11.2. The amount of any claims is limited according to the net invoice value of the item in question.
11.3. We shall not recognise or reimburse any claims for damages with respect to installation costs, incipient processing costs, maintenance costs, etc. in any case.
11.4. We do not assume liability for any loss or damage resulting from improper handling or use, or natural wear. Furthermore, we do not assume liability with respect to any loss or damage caused by negligence nor any indirect or consequential loss.

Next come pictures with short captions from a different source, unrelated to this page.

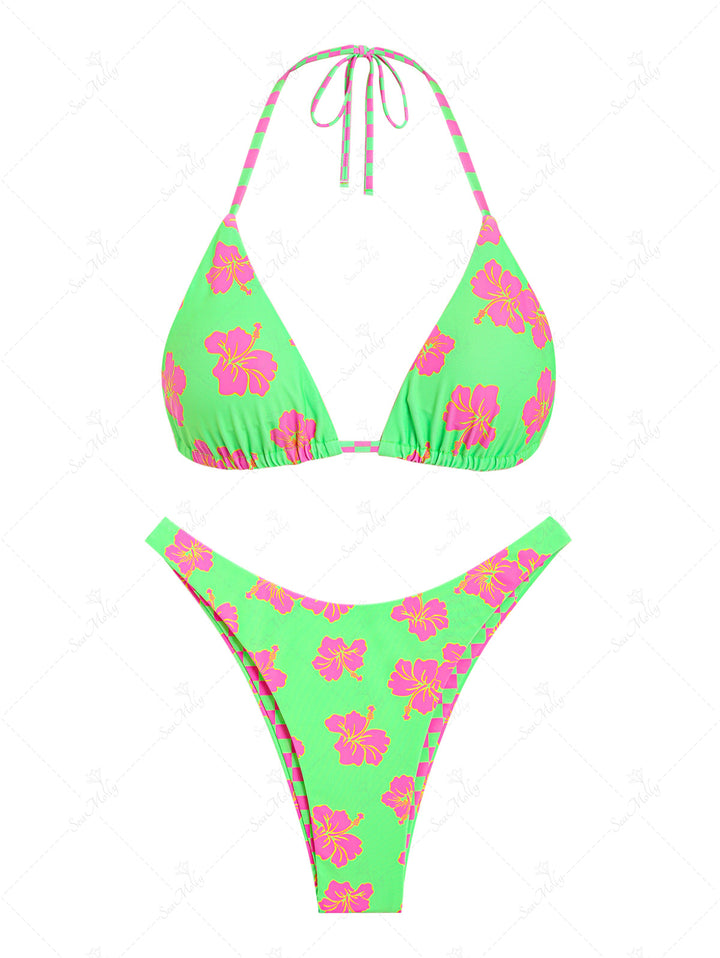 Seamolly Floral Checkerboard Halter Tied Reversible Triangle Neon Bikini Set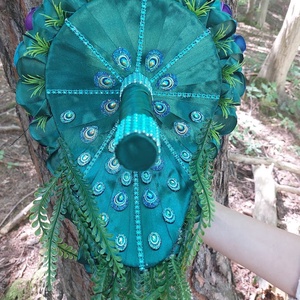 Páva nász csepp menyasszonyi csokor - esküvő - menyasszonyi- és dobócsokor - Meska.hu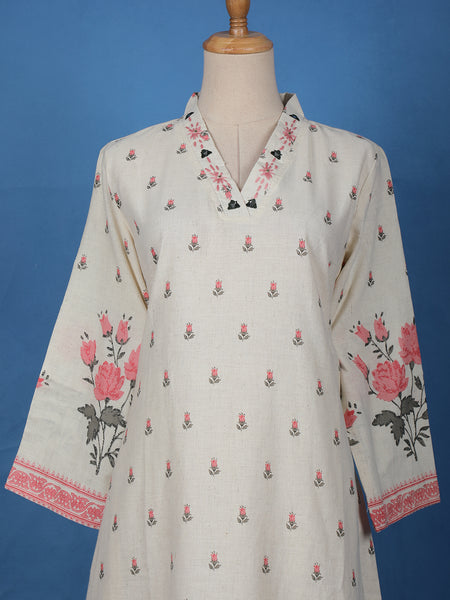 Ivory Floral Printed Cotton Palazzo Salwar Suit - Diadem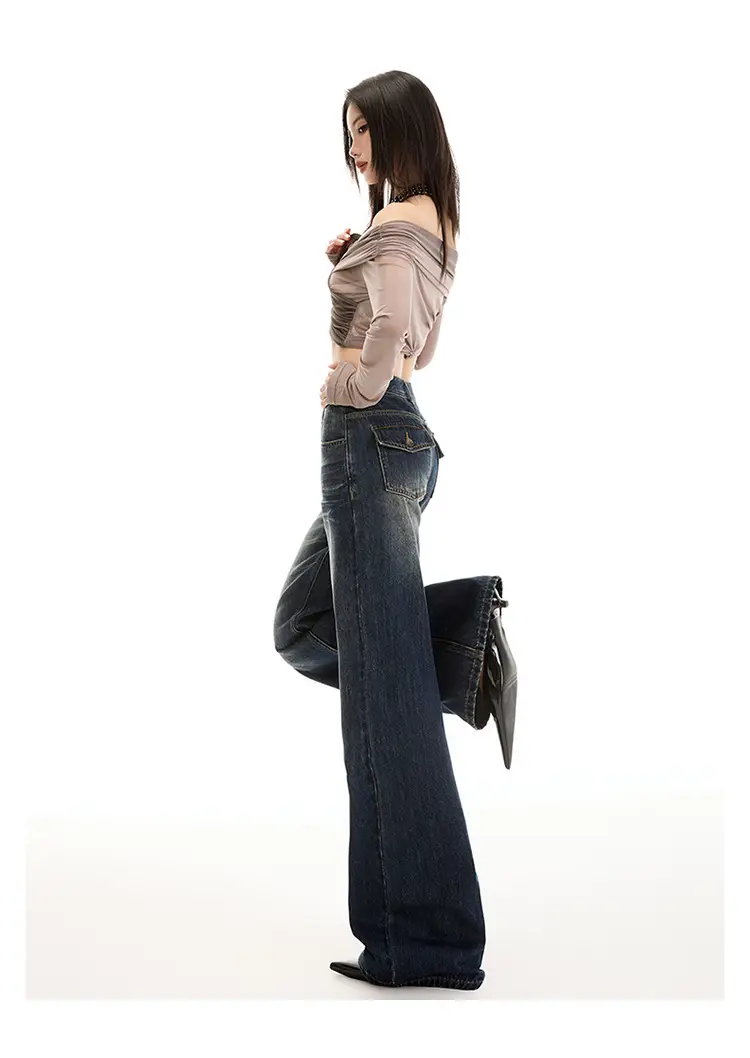 Young Orange# American Style Dark Blue Micro Jeans Women's Loose Fit — feature 18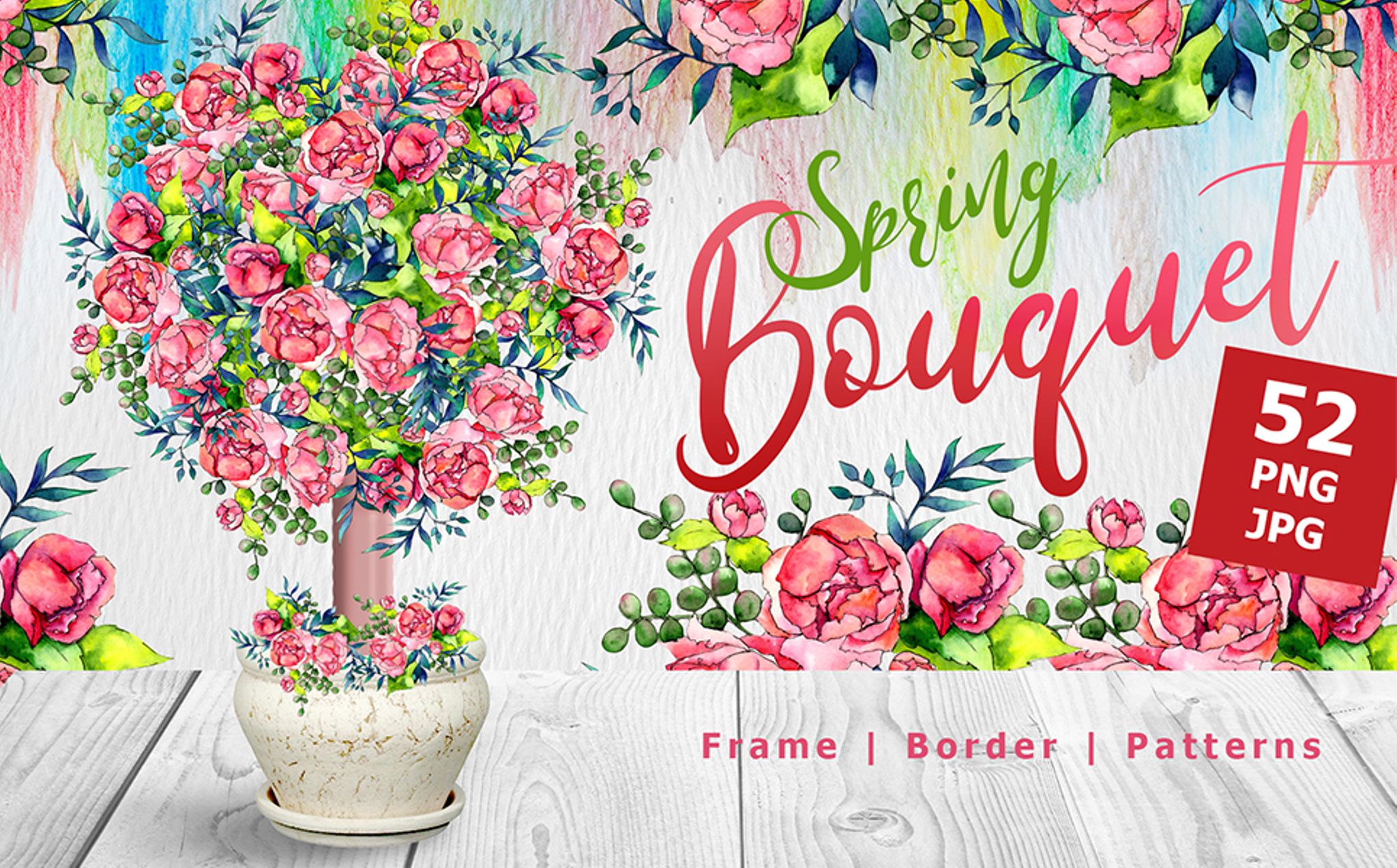 Download Акварельный бандл иллюстраций весенних букетов / Spring Bouquet &  Watercolor Fower - - Illustration - Иллюстрация на тему графика watercolor illustration bouquet drawing background textile colorful fashion drawn vintage paint leaf plant peony seasonal deciduous foliage flower sprout stem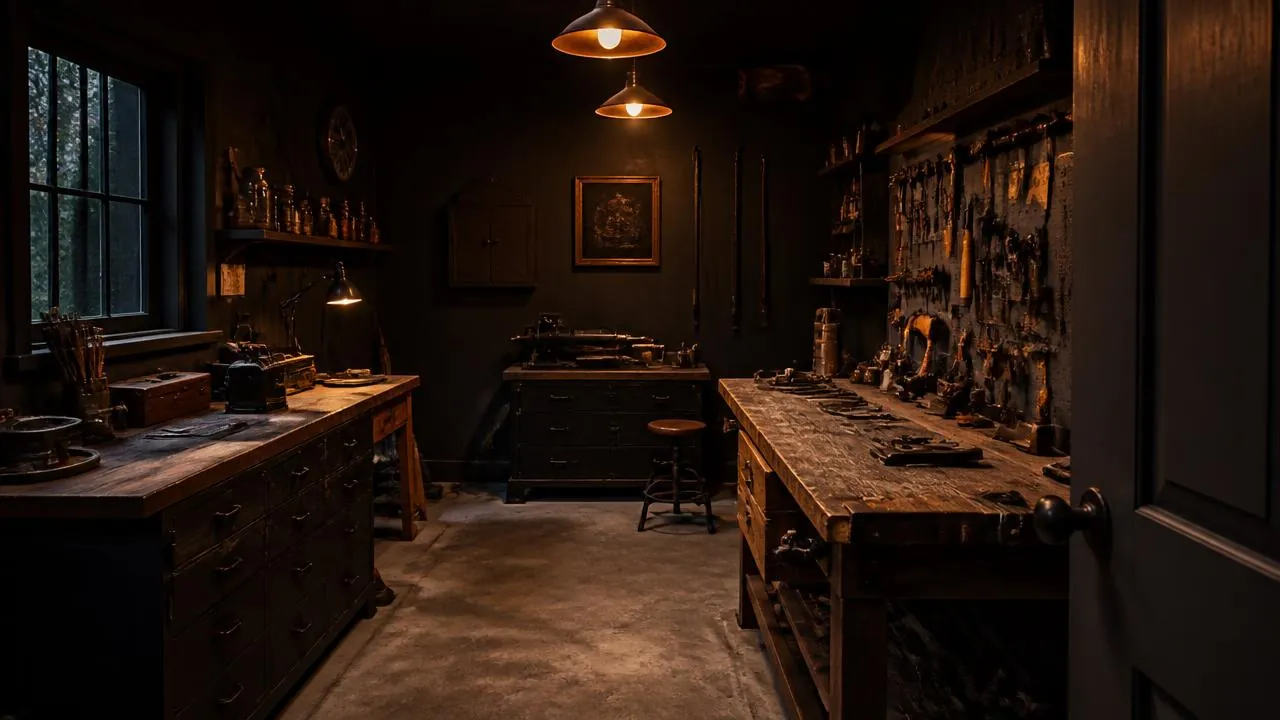 Wood bench bay of the SoulCraft Maker Shop lit by two low pendant lamps: an aged maple workbench with hand planes and chisels laid out, a wall of hanging tools, and a dark charcoal room beyond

11.5. Our liability for material damage due to a production fault according to the Product Liability Act (Produkthaftungsgesetz) shall be excluded for all companies participating in the production and distribution of our products, as well as for all buyers of our products who are entrepreneurs. The parties to contracts with us who are entrepreneurs undertake to transfer this exoneration clause to their customers to the extent that they on their part are entrepreneurs and as far as our products are concerned.
12.1. The amount of any claims is limited according to the net invoice value of the item in question.
12.2. We are entitled to settle any guarantee claims through the provision of replacement parts. No claims can be made for price reductions.
12.3. Guarantee claims are forfeited if these terms and conditions are not observed by the customer as well as in the event of repairs being made by the customer or by other factories without our express permission in writing.
13. Place of Fulfilment and Jurisdiction
13.1. The place of fulfilment shall be Schlieren. The court having subject-matter jurisdiction for our company in Schlieren shall have exclusive jurisdiction.
13.2. In subsidiarity to these Terms and Conditions of Sale, Delivery and Payment, Switzerland’s legal provisions are to be applied exclusively. The application of the UN-Convention on Contracts for the International Sale of Goods is expressly excluded.
(Drawn up taking into account the General Terms of Contract issued and recommended by the United Nations European Economic Commission, Documents No. 188A and 730).